Reproduce exactly, leaving out pictures, each line from the one holding "Diamond Ring In" through the final line of the listing, and add nothing.

*** Opening of DATASET SECTION ***

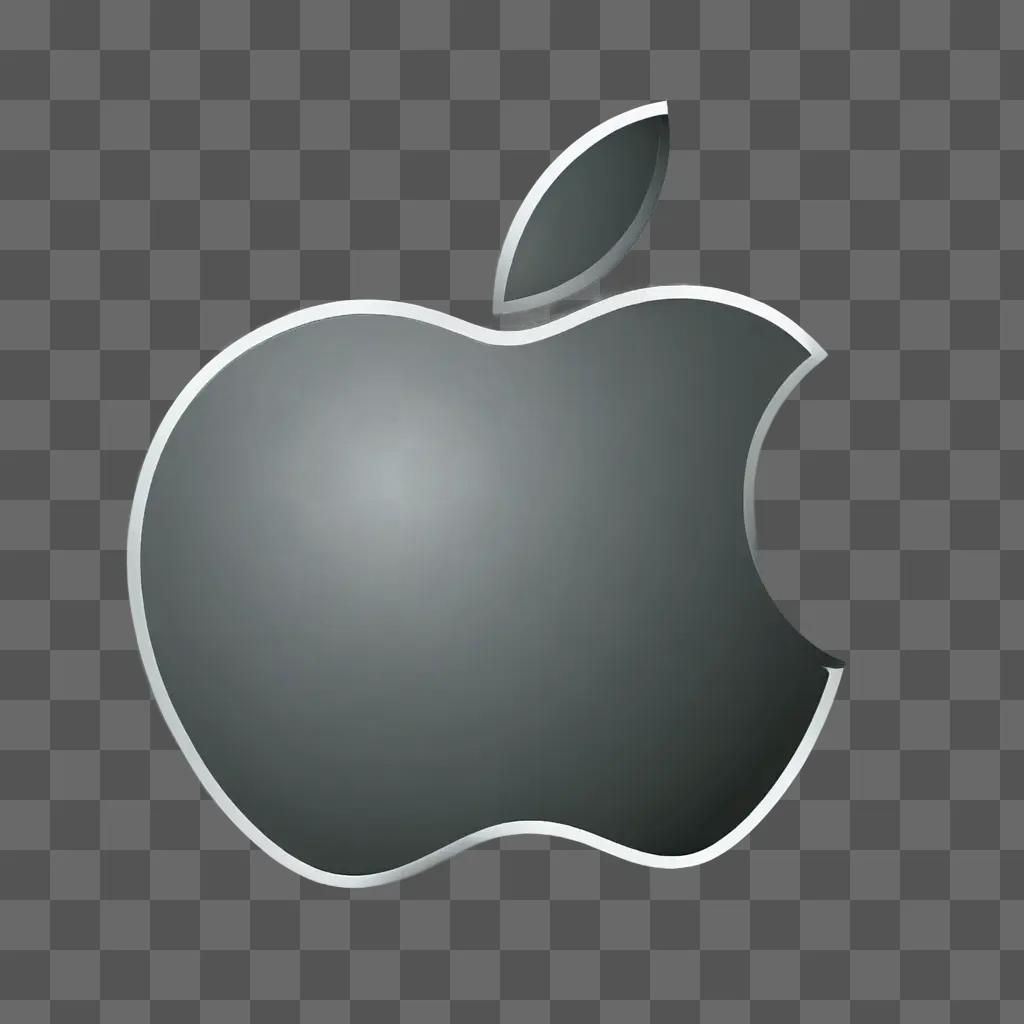 Apple logo against a grey background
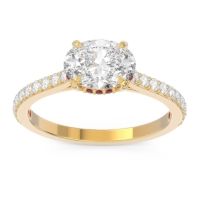 Diamond Ring In 18k Yellow Gold With Garnet And Lab Diamond Mahavisa Oval Classic Ring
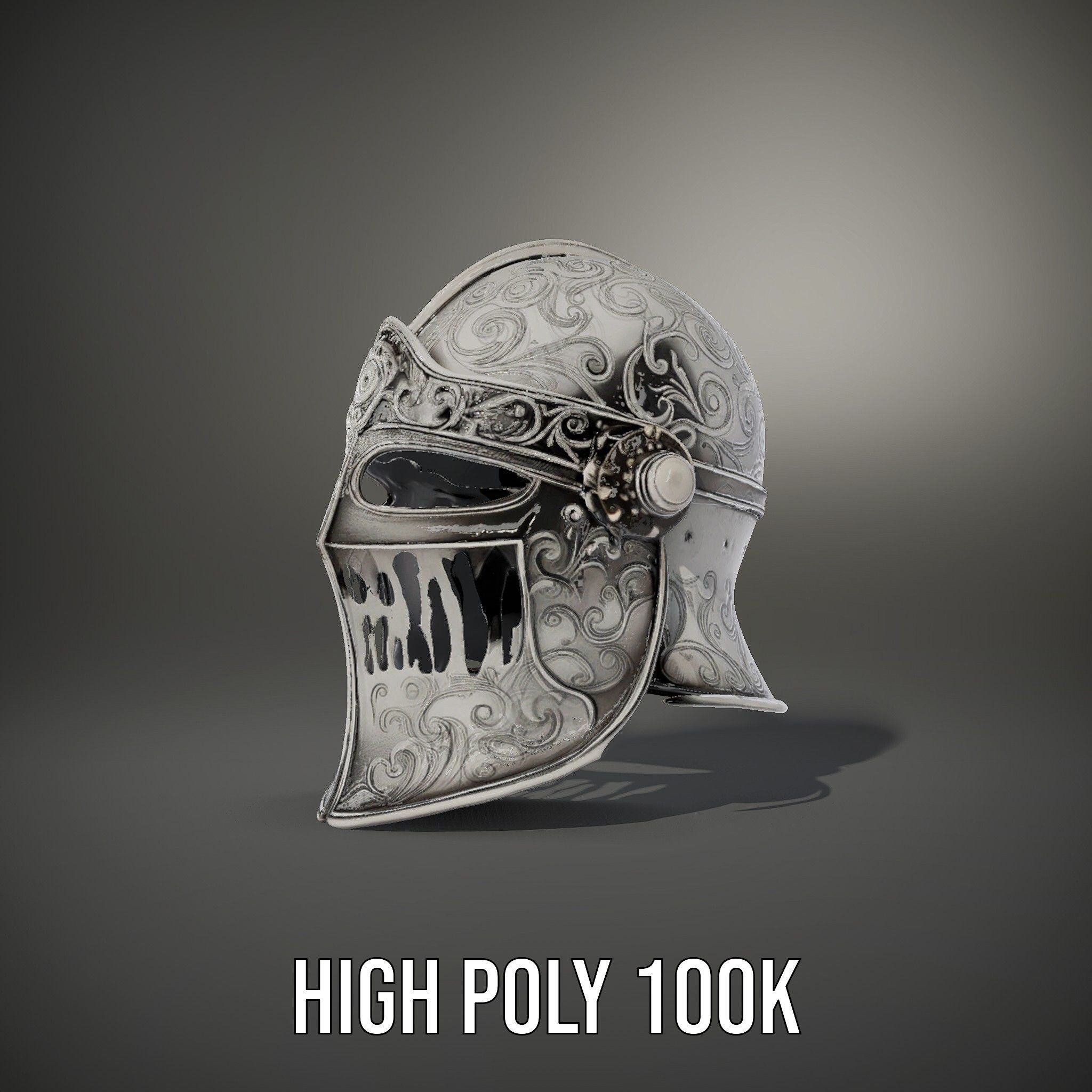 Medieval Decorative Helmet model pack Low-poly 3D model_14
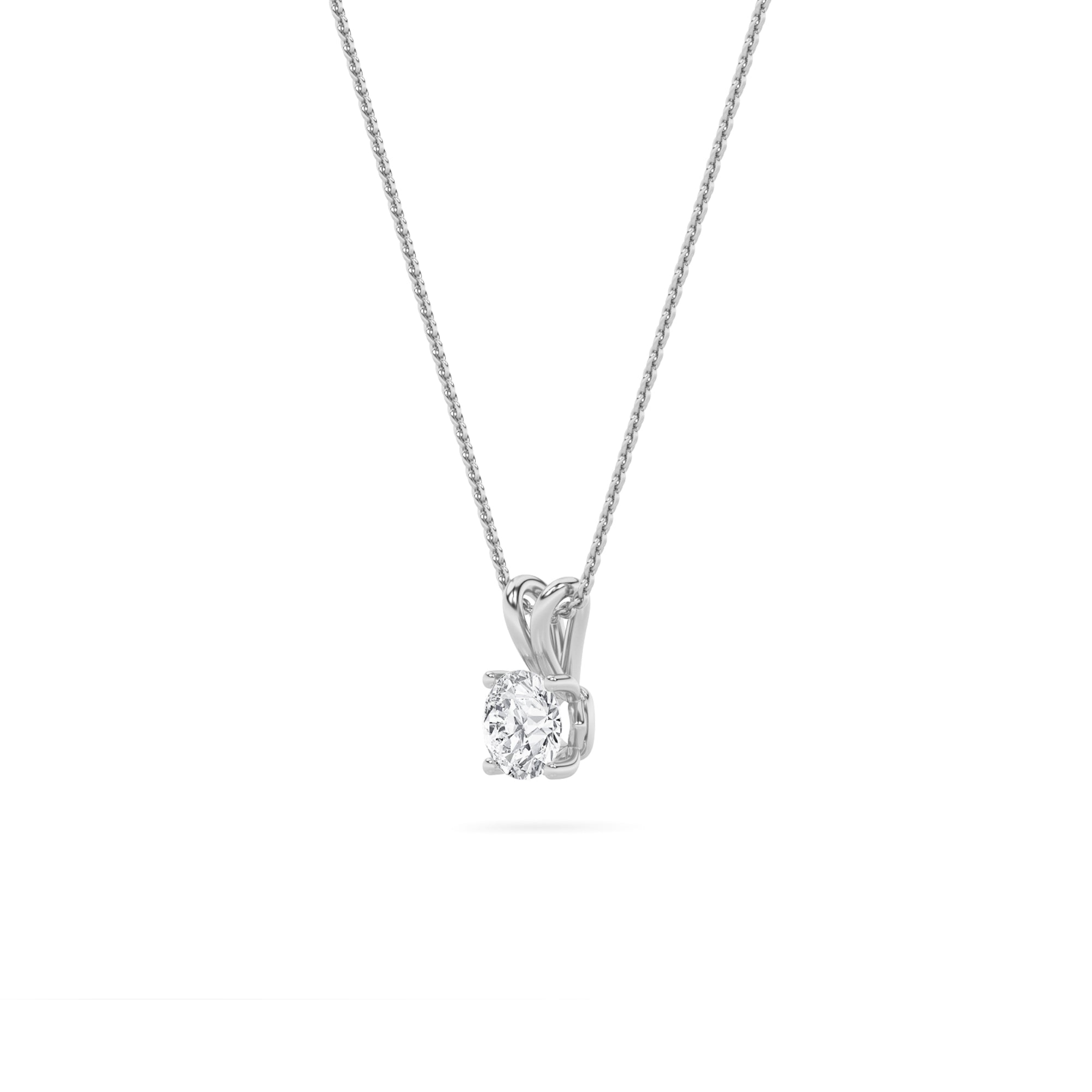 2.0ct Round Shaped Lab Grown Diamond (F/VS) Split Bale Solitaire Pendant in 14K White Gold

*** Close of DATASET SECTION ***

**EXERCISE RESULT:**
 Diamond Ring In 18k Yellow Gold With Garnet And Lab Diamond Mahavisa Oval Classic Ring
 Medieval Decorative Helmet model pack Low-poly 3D model_14
 2.0ct Round Shaped Lab Grown Diamond (F/VS) Split Bale Solitaire Pendant in 14K White Gold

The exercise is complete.